Activity:
Should a line in the entries below contain "ViraLata", return that line.

(Source data)

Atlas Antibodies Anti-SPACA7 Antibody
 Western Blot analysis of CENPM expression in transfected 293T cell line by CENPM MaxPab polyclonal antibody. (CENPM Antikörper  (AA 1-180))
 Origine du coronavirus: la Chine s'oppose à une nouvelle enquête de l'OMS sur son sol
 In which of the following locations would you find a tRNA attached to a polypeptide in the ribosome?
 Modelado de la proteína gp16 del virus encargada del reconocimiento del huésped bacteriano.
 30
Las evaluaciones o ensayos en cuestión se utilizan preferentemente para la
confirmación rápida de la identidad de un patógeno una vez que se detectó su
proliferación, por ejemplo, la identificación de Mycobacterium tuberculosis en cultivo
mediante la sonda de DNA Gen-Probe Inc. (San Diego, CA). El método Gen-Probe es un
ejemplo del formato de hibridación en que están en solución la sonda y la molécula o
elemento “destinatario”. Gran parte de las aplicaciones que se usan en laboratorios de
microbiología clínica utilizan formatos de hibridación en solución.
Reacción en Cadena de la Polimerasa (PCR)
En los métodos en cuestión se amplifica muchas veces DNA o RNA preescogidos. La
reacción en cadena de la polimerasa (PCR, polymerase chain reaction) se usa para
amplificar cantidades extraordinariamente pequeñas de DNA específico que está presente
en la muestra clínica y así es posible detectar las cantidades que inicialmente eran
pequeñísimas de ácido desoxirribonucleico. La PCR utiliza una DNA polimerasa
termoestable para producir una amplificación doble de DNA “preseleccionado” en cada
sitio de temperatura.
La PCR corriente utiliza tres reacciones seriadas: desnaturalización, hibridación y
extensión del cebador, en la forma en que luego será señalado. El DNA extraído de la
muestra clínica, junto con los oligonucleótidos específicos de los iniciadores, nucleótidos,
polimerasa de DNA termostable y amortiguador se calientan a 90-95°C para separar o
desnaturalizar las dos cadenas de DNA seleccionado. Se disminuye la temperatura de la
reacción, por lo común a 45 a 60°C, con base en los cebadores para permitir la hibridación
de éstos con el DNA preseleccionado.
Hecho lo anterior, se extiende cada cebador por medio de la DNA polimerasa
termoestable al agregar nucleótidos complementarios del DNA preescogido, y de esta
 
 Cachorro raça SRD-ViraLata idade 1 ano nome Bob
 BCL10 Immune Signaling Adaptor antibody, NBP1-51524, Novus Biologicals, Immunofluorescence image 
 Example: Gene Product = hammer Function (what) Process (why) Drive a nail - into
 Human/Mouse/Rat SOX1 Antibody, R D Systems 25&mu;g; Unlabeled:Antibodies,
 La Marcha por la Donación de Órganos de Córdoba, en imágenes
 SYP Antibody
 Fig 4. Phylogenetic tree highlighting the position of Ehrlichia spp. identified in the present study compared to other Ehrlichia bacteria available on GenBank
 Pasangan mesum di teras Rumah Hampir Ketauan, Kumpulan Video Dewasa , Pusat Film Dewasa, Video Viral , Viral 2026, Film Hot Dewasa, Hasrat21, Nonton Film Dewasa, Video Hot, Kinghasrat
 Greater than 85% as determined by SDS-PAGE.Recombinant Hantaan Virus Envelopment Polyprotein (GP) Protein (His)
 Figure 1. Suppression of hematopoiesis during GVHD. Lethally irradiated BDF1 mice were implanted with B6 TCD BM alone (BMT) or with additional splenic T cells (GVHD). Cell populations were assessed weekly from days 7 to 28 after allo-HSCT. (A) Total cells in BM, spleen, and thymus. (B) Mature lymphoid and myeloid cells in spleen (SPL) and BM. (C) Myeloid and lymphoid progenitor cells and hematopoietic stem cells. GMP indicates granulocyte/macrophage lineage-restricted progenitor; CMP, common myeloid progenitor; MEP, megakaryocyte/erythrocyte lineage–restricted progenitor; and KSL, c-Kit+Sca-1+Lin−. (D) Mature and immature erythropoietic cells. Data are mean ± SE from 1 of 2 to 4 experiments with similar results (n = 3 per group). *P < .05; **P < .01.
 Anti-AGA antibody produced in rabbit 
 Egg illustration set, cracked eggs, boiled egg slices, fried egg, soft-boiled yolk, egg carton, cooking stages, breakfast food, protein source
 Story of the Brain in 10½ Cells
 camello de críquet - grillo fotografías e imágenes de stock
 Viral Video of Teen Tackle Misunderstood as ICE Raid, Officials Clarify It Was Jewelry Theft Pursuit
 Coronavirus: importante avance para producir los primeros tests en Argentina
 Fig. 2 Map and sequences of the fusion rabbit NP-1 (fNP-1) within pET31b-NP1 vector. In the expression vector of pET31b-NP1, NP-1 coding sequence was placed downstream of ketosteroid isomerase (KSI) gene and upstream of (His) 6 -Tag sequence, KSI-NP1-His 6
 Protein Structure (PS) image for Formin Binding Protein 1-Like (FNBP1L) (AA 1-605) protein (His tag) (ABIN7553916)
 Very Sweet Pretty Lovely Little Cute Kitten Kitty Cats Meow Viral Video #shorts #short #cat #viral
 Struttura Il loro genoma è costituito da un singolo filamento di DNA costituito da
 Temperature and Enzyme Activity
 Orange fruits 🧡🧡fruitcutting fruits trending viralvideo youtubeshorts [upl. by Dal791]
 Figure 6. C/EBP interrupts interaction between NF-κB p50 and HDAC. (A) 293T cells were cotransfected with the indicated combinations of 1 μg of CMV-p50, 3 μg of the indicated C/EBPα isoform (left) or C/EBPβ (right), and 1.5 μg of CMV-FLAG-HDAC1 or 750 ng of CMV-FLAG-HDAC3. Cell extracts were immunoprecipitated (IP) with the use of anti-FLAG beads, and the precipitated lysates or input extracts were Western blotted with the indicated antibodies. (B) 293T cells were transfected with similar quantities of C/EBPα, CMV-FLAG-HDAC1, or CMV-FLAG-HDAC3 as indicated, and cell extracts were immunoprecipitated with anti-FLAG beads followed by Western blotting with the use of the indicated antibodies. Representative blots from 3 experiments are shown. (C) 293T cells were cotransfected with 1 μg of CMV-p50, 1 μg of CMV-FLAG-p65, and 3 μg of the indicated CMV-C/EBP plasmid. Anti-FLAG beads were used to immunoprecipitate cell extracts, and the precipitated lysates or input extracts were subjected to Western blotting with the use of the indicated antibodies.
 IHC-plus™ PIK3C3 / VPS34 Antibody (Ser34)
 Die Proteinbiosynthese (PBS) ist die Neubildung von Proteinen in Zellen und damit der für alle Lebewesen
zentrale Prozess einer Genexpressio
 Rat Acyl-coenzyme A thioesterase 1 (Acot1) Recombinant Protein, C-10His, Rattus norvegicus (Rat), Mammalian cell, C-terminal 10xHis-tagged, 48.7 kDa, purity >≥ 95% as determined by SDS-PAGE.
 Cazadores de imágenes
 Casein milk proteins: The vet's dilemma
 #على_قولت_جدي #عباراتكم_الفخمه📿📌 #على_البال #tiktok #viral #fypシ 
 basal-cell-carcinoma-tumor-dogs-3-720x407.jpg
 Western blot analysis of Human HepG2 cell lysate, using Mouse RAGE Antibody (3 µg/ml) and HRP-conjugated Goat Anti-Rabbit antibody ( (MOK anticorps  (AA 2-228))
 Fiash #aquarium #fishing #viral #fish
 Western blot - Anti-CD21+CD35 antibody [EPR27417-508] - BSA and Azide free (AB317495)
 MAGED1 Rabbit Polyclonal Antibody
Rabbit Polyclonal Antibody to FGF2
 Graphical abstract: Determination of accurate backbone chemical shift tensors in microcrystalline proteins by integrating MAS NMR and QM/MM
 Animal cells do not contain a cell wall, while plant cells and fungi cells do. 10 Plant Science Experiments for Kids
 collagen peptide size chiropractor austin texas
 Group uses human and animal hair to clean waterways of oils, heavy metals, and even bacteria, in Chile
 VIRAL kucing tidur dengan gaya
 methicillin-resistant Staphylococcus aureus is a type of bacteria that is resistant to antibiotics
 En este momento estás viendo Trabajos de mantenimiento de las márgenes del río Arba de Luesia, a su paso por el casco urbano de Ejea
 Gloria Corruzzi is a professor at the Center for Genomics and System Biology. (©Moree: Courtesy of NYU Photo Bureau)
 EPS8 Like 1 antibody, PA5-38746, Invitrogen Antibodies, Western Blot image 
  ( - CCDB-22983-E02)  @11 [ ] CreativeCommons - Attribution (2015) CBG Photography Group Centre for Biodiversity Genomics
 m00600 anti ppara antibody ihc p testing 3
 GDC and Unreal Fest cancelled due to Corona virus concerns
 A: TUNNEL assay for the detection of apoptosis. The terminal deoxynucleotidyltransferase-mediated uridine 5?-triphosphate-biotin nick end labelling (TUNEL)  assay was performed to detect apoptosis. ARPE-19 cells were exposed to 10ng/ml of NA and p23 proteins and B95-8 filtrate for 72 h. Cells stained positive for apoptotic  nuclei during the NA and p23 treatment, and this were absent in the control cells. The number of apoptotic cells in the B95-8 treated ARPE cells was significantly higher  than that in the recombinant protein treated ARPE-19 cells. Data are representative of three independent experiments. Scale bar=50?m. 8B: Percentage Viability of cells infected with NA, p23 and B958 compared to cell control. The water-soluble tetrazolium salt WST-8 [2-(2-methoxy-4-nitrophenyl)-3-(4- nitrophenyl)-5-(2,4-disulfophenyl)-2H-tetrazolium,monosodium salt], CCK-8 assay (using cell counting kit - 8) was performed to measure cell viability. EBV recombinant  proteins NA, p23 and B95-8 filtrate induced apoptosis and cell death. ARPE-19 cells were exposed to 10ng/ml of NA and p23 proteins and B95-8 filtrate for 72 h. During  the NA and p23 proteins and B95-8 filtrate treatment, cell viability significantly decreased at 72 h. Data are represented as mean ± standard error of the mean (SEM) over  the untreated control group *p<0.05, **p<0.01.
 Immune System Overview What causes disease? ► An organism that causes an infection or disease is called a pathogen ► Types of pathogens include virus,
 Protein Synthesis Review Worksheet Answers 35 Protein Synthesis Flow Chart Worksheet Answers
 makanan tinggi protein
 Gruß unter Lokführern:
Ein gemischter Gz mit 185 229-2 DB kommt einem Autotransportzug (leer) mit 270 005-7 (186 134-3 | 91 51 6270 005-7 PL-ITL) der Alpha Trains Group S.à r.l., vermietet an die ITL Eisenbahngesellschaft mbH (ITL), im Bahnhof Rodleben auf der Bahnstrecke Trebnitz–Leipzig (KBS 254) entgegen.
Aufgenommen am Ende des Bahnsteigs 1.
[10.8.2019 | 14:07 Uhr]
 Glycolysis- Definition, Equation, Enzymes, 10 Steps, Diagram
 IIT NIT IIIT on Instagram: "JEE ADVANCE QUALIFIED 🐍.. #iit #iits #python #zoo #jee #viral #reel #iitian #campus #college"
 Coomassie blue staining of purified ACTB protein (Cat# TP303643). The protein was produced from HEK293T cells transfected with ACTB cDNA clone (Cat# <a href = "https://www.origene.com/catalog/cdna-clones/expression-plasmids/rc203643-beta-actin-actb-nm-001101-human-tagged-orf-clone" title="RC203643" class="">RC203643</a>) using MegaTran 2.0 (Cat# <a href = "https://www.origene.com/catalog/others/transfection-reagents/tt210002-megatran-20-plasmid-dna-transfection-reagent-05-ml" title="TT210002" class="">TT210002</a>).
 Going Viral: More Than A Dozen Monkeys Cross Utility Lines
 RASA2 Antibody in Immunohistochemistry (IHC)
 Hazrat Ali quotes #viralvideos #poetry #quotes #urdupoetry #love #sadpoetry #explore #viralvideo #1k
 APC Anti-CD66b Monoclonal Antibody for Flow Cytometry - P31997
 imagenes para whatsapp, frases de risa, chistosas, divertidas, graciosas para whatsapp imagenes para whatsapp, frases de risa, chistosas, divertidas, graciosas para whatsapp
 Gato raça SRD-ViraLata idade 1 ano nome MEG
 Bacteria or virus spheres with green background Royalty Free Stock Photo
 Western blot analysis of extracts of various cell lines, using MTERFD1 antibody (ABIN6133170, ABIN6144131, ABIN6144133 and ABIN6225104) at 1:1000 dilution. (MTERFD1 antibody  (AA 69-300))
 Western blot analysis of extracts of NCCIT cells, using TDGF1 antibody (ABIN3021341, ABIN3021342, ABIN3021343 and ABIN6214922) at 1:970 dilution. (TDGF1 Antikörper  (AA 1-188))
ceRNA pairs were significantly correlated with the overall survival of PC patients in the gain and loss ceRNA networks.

Response:
 Cachorro raça SRD-ViraLata idade 1 ano nome Bob
 Gato raça SRD-ViraLata idade 1 ano nome MEG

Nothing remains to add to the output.